_Your goal_
Starting with the line containing "Volkswagen T-Cross Volkswagen" and going on through the line containing "Rumah luas di", return the lines of the data below exactly, and only those.

(Dataset extract begins)

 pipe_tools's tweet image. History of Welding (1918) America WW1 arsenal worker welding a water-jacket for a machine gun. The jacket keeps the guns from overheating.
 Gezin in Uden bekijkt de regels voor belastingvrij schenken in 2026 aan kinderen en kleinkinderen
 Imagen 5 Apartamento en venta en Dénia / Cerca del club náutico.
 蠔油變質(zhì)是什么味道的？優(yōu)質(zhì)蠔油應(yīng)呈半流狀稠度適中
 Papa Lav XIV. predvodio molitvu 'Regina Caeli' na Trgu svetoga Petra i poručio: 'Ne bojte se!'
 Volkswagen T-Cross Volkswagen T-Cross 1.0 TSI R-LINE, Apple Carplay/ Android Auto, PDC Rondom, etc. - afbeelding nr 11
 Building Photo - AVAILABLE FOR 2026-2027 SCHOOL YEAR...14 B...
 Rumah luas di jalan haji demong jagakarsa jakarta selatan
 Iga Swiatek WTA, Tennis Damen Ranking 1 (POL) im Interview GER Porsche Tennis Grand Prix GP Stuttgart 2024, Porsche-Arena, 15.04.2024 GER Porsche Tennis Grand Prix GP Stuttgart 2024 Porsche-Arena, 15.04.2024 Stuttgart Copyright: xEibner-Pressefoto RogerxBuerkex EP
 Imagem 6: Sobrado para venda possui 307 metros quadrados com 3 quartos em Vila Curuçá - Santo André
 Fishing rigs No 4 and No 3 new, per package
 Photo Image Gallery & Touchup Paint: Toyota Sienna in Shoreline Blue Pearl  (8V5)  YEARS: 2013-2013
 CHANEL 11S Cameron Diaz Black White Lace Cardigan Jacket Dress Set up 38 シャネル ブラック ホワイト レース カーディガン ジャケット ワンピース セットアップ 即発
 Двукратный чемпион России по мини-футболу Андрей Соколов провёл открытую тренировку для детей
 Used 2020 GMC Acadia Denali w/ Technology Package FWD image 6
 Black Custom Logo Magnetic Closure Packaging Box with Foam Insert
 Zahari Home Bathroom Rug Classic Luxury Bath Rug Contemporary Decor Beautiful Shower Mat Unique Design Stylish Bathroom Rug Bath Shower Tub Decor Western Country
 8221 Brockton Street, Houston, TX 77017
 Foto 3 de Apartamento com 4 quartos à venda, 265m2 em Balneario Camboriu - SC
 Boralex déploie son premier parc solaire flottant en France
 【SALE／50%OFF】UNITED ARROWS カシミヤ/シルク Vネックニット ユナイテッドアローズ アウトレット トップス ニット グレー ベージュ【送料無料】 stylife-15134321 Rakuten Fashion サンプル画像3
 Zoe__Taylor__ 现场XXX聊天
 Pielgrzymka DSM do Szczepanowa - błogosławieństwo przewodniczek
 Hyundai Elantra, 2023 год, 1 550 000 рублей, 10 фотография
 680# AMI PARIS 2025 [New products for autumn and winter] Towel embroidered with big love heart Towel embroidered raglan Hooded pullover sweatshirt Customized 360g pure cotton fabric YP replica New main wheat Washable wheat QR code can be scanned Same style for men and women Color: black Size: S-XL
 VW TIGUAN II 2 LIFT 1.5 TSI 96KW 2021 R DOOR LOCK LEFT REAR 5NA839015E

(Dataset extract ends)

_Output for this task_
 Volkswagen T-Cross Volkswagen T-Cross 1.0 TSI R-LINE, Apple Carplay/ Android Auto, PDC Rondom, etc. - afbeelding nr 11
 Building Photo - AVAILABLE FOR 2026-2027 SCHOOL YEAR...14 B...
 Rumah luas di jalan haji demong jagakarsa jakarta selatan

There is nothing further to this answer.